Esse movimento demonstra que o órgão de fiscalização irá, cada vez mais, exigir dados concretos sobre a adesão aos critérios ESG na busca de garantir a segurança da informação dada aos investidores do mercado financeiro. Desta forma, abre-se a possibilidade de maior fiscalização da CVM nestes temas, além de incluir o mercado de capitais brasileiro em um cenário externo de grande preocupação com a sustentabilidade, ao exigir que a divulgação de informações de caráter ambiental, social e de governança divulgadas aos stakeholders encontrem correspondência na realidade operacional das empresas.

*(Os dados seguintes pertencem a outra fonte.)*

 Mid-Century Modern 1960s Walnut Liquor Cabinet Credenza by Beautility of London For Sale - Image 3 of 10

De certo modo, a CVM tem a chance de institucionalizar um processo já iniciado pelo próprio mercado, onde o consumidor tem grande peso e já aparece mais consciente do seu papel para o desenvolvimento sustentável. De fato, o processo de globalização e o acesso à comunicação disseminaram maior consciência sobre os direitos humanos e sobre o desenvolvimento de indicadores sociais e ambientais mínimos. Tal processo tem formado consumidores mais conscientes do papel transformador que podem desempenhar para a sustentabilidade do meio-ambiente e para promover condições mais dignas de trabalho humano. Isso aparece nas escolhas, cada vez mais frequentes, por produtos e marcas comprometidas com o meio ambiente e com a qualidade de vida dos colaboradores da empresa, como bem mostram as tendências de mercado tipo “fair-trade”, orgânicos, veganos e recicláveis.

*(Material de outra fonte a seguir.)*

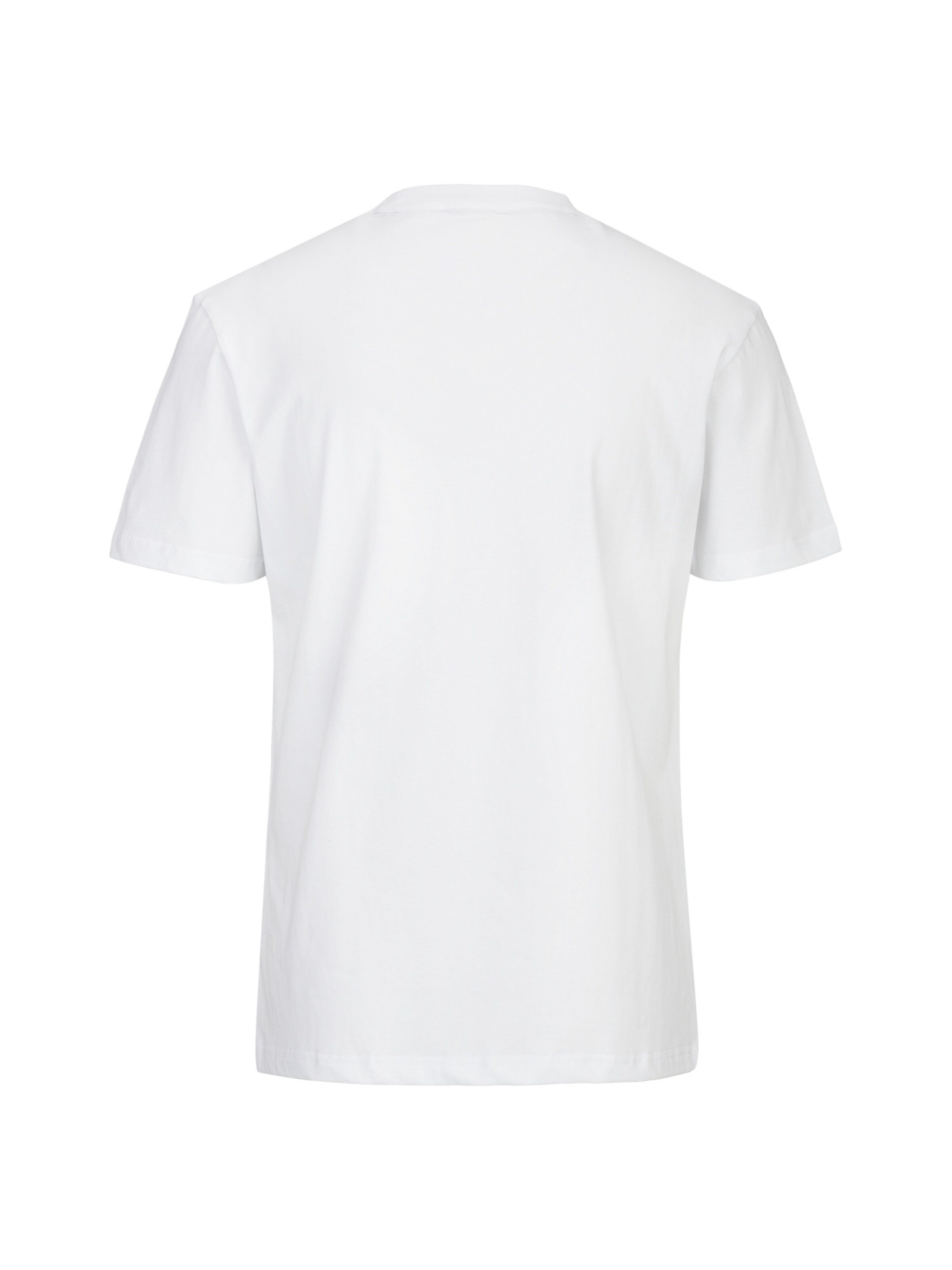 19V69 ITALIA Shirt 'Rafael Tennis 2' in White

E não estamos falando de um mercado qualquer. A BlackRock, maior gestora de ativos do mundo, calcula que o mercado sustentável detenha hoje US$ 4 trilhões em investimentos e que, atualmente, os ativos financeiros globais superem os US$ 400 trilhões, o suficiente para causar uma revolução no mercado mundial. Os grandes fundos de investimento já entenderam que as questões com grande impacto ambiental ou social tendem a abalar a estabilidade do mercado como um todo, e uma baixa nas bolsas se projeta diretamente sobre as empresas que nelas negociam seus papéis. Daí o incentivo a estratégias ESG como uma manifestação de auto interesse dos grandes investidores, para evitar os eventos que possam impactar negativamente o ambiente de negócios.
Por isso, uma empresa com critérios bem definidos de ESG e que realmente os vivencie será atraente aos consumidores e aos investidores, sendo também certo que movimento contrário pode ocorrer, em que o desprezo pelo ESG reduz a participação da empresa no mercado consumidor, provoca a fuga investidores e a desvalorização dos papéis das empresas; exemplo recente foi o comentário do bilionário Elon Musk, durante sua visita ao Brasil em maio, quando se posicionou contra o ESG e viu as ações de suas empresas despencarem.
Contudo, em muitas empresas os standards ESG estão mais presentes no setor de Marketing do que nos operacionais, renovando a antiga expressão, cunhada no Brasil Colonial, “para inglês ver”. Praticam a chamada “lavagem verde” (a “greenwashing”): divulgam a adesão ao ESG, mas não dão qualquer substância à sigla, enganando consumidores e investidores. Com a Resolução nº 59, a CVM abre um caminho importante para combater essa questão e assegurar que as empresas brasileiras saiam, de verdade, do plano das intenções e possam se integrar nessa nova realidade mundial pelo respeito ao ambiente e ao ser humano.
*Luisa Garcia é sócia do escritório Silveiro Advogados – Pós-graduanda em Direitos Humanos, Cidadania Global e Responsabilidade Social pela PUC/RS.
*Ana Paula Ávila é Sócia Coordenadora da área de Compliance do Silveiro Advogados. Mestre e Doutora em Direito pela UFRGS; Formada em “Crisis Management” (2020) e em “Cybersecurity for Managers” (2021) pelo Massachusetts Institute of Technology – MIT, Estados Unidos.